Lying Canterbury mum Isabelle Farmer told 'we all pay price for benefit fraud' after pocketing £36k
Keir Starmer, Director of Public Prosecutions
A Canterbury mother-of-six who pocketed £36,000 of taxpayers' money has escaped with a suspended prison term... on the day Britain's top lawyer called for tougher sentences for benefit cheats.
Director of Public Prosecutions Keir Starmer said that in future those convicted of benefit fraud could soon face up to 10 years in jail.
Isabelle Farmer, who lied about her benefits claim, had told a judge at Canterbury Crown Court she was "an honest woman".
Fibbing Farmer, 44, said she was no longer living with her lover Christopher Wicks in Downs Road when she made claims for state handouts.
For nearly five years she raked in income support, housing and council tax benefits.
Judge Heather Norton told her that only hours earlier the DPP has said benefits existed to help the most vulnerable in society.
She quoted from Mr Starmer's speech, saying: "It is a myth that 'getting one over on the system' is a victimless crime: the truth is we all pay the price."

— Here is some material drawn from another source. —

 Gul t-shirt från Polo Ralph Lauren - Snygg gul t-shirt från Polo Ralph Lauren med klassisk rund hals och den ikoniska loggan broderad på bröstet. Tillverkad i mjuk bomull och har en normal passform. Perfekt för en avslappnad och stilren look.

The judge added fraudsters were taking cash away from society's most vulnerable people and costing the country £1.9bn a year.
Farmer's barrister, Michael Bisgrove, told the judge: "She is an honest woman who has had to accept that what she did was wrong."

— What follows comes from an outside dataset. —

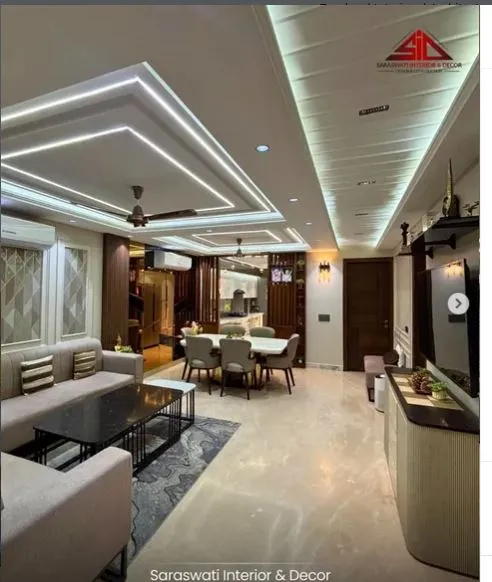 Open-plan living-dining space with a multi-tier linear-lit cove ceiling, grey L-shaped sofas around black coffee tables on a blue patterned rug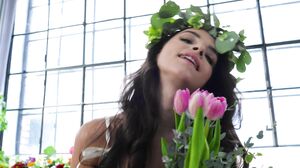 Sweet petite brunette gets fucked in a bed of flowers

But Judge Norton told her: "You say you are an honest woman, but you lied to get the benefits and then lied under interview."
Farmer was only caught when undercover benefits officers staked out their home for four months in 2011 and spotted her partner coming and going there on 17 separate occasions.
But even then, Farmer – who wept throughout the hearing – lied about the fact they were living as a couple.
She eventually pleaded guilty to two fraud charges and was given a 20-week jail sentence - suspended for 12 months.
Judge Norton told her that despite the proposed sentencing changes, Farmer had to be sentenced under the current guidelines.
The case was heard by Judge Heather Norton
She said she accepted the mother - whose children are aged from six to 25 - had not used the money to fund a lavish lifestyle.
Mr Bisgrove had claimed she had been suffering for physical and mental problems and had struggled to cope in a "sometimes volatile relationship".
Prosecutor Robin Griffiths said "suspicion fell on her" that she was living with her partner and a surveillance team was put in place.
"Powerful evidence emerged that Mr Wicks was living there and when his work records at a garage were checked he had given that address as where he was living," he added.
Farmer - whose older children and partner were in court for the hearing - was told that for the next eight weeks she will be under partial house arrest, ordered to wear an electronic tag and told to remain in her home between 9pm and 7am.
She was also given six months to pay £250 prosecution costs.